L’ancienne élue roubaisienne Myriam Cau, urbaniste de formation, est présidente de l’association des urbanistes des Hauts-de-France. Et c’est à ce titre qu’elle est vent debout contre ce projet de démolition. « C’est l’homogénéité de son patrimoine qui fait la richesse de Roubaix, et préserver cet immeuble, c’est préserver l’histoire de la ville, en évitant de créer des trous dans les alignements urbains », réagit-elle. Pour l’écologiste, au-delà de son ancienneté, c’est ce dont témoigne ce bâtiment qu’il faut conserver. « C’est un immeuble qui a été bâti par des marchands-fabricants, des négociants textiles, il illustre l’histoire du développement textile de Roubaix », expose-t-elle.

 

Au fond, Myriam Cau déplore une « perte de compétences » au sein du service d’urbanisme de la ville de Roubaix, qui ne raisonnerait plus qu’en termes juridiques. « L’esprit de la protection du patrimoine a été complètement abandonné, on ne regarde que la forme des permis de construire, alors que la municipalité pourrait jouer de son pouvoir d’influence pour négocier avec les promoteurs. Au lieu de ça, on les laisse jouer au Monopoly avec Roubaix. Pour des questions de rentabilité, on détruit notre ville », s’alarme-t-elle.

 

5 La société d’émulation : « C’est la globalité du bâtiment qui est intéressante »

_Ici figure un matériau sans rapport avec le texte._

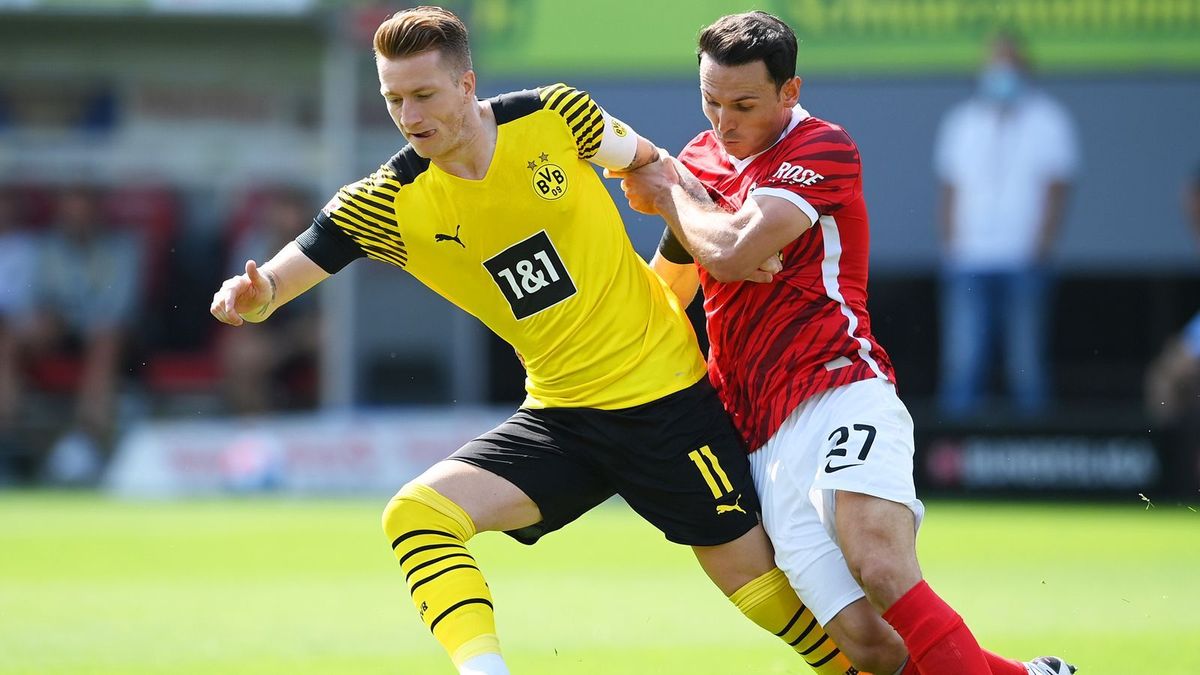 Borussia Dortmund beim SC Freiburg - BVB-Stars in der Einzelkritik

Gilles Maury et Xavier Lepoutre, président et vice-président de la Société d’émulation de Roubaix.

 

La Société d’émulation de Roubaix (SER), qui est l’une des plus anciennes associations de Roubaix, a choisi de prendre position publiquement contre ce projet qui la scandalise, par la voix de son président, l’architecte Gilles Maury, et de son vice-président Xavier Lepoutre, qui est celui qui a découvert le pot-aux-roses, et a tenté un recours gracieux contre le permis de construire. Recours rejeté par la municipalité.

 

« Nous venons de modifier nos statuts pour y ajouter le patrimoine et sa défense. Nous voulons avoir intérêt à agir, à l’avenir, pour contester ce type de projet », insiste Gilles Maury. Lui et Xavier Lepoutre dénoncent l’idée de ne conserver que des éléments de façade, un pis-aller selon eux. « Le promoteur cherche la facilité et le profit maximum, alors que le bâtiment pourrait être réaménagé plutôt que démoli. Ici, c’est la globalité du bâtiment qui est intéressante, avec sa cour et l’atelier du fond, pas seulement la façade », poursuit l’architecte.

 

Côté cour, l’arrière du bâtiment présente un intérêt architectural plus prononcé que la façade côté rue.

 

Xavier Lepoutre précise qu’il s’agit « d’un des derniers bâtiments de la première période industrielle de Roubaix, avec l’ancienne usine Delattre ». Gilles Maury, lui, convient que « l’architecture du bâtiment n’est pas extraordinaire, mais insiste sur le fait que ce n’est pas le sujet ».